Binoculars are one of those tools you don’t want to be caught without in the field. Many hunters have stories about how they once forgot, broke or lost their binoculars and how frustrating it was.
Whether you’re hunting big game or bird watching in your backyard, you’ll want to have a pair with you. They let you focus in on the game you’re pursuing, add to overall safety and allow you to take a closer look at faraway destinations. So, find yourself a pair of good binoculars and use them—they’ll make your outdoor experiences a lot more enjoyable.
Here are a few things to remember if you’re considering a new pair of binoculars, and some handy tips for the next time you head afield.
The Basics There are so many different kinds of binoculars out there it can seem very confusing. Basically there are two different types of binocular designs. Roof prism binoculars look as if the light goes through a single tube to your eye, while porro prism binoculars have a slight offset in the light’s path. Porro prisms are probably what you think of as the traditional binocular. They are usually less expensive, but also bigger and heavier. Either design can offer outstanding image quality.
When you look at a pair of binoculars you’ll also see a lot of different numbers. They may seem complicated, but it’s really very simple. Binocular power is usually described in a number, like 8X42. The numbers might be different on the pair you’re interested in, but they identify the same thing. The first number—in this case 8 followed by an X—means it magnifies what you’re looking at eight times. The second number—in this case 42—is the width, in millimeters, of the objective lenses.
When the sun hits some binoculars a certain way, image detail can disappear underneath something called "flare". If that happens, simply hold your hand or hat slightly in front and above the lenses to shade them from the sun.
What is an objective lens you might ask? They are the lenses you hold toward that deer or mountain you’re viewing. Their job is to capture the image and transmit it to your eyes. The larger the objective lenses, the more light they collect, which means they usually perform better in low light or dark forests.
As far as lens coatings are concerned, basically, the more the better, since they improve image quality and brightness.
Seeing Straight No two eyes are created equal, even on the same person. Follow the manual’s instructions, and adjust the diopter until you see clearly through the binoculars with both eyes. Looking through an unadjusted set for any length of time is a good way to get a bad headache.
Shake It Up Minimize binocular shake by firmly pressing them against your head, while making sure your arms are resting against your chest. If you allow your arms to stick out to your sides, you’re relying solely on muscle power to keep your image stable. By bringing your arms into rest on your chest, you’re using more of your skeleton to do the work. Don’t forget about other suitable stable rests…a tree trunk, fence post or even shooting sticks make great improvised rests. Some companies have added tripod mounts on their binoculars that you may find work well for you.
If you want to go high-tech there are new products that have added space-age circuitry to help stabilize the image when you’re hand holding the binocular. They work well, although they can be expensive and they do need batteries.

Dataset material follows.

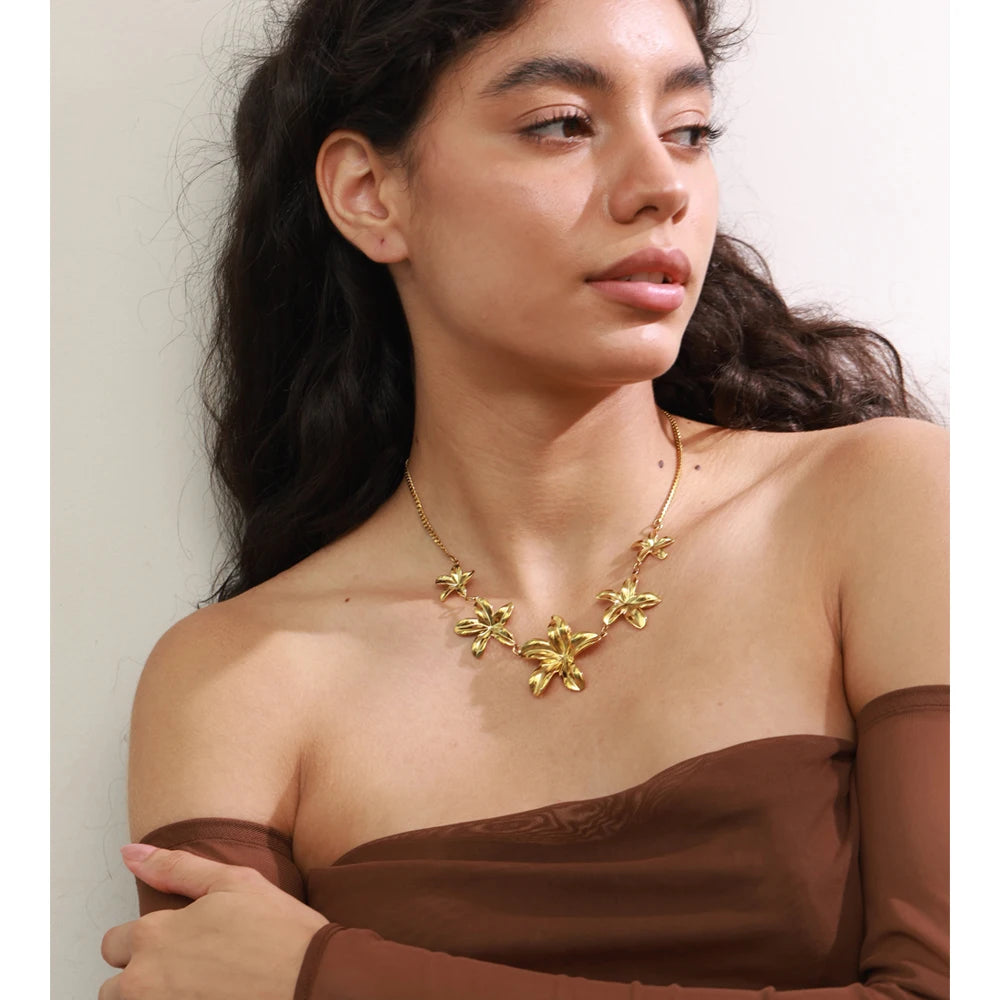 Chain necklace gold look with elegant floral accent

Test Drive Be sure you go to an outdoor store and try out a few pairs before you buy. Work the focus controls and make sure they fit your face properly. Do you wear glasses? Then you want to be sure to test each pair of binoculars with your glasses on. When you find a pair you like, ask the salesperson to walk outside with you so you can see how they perform. It’s almost impossible to judge binoculars in the store—they’ll most likely all appear the same. Once you step outside though, you’ll begin to see the differences.
Always clean binocular lenses with lens-cleaning paper or a clean microfiber cloth.

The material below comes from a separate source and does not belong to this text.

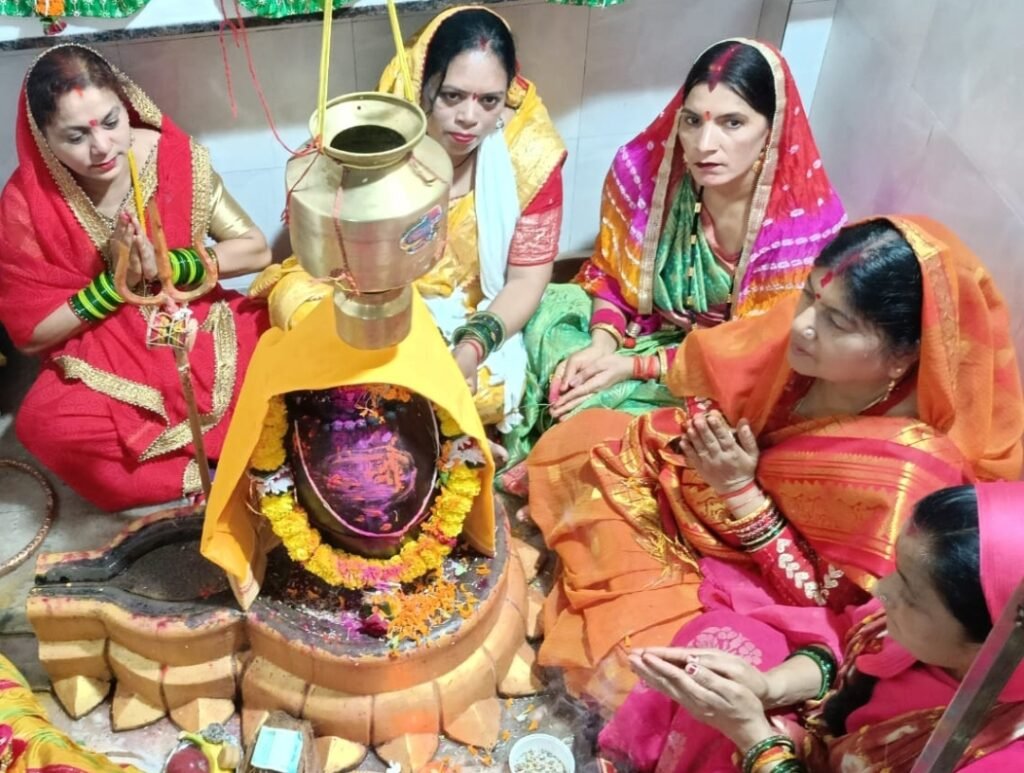 सावन के अंतिम सोमवार पर नर्मदेश्वर महादेव मंदिर में गूंजे ‘हर-हर महादेव’ के जयकारे-हुआ भव्य दुग्धाभिषेक एवं जलाभिषेक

Don’t use your shirt to clean your binoculars’ lenses, no matter how soft or recently washed it is. Doing so can scratch the lenses.
Blow off any dirt on your lenses, using either your breath or a can of compressed air.
With a soft brush, remove any accumulated dust and dirt from the lenses.
A drop of lens cleaner is optional. Stay away from harsh window-cleaning products—they can damage lens coatings. With either lens-cleaning paper or a clean microfiber cloth, clean the lenses in a circular motion.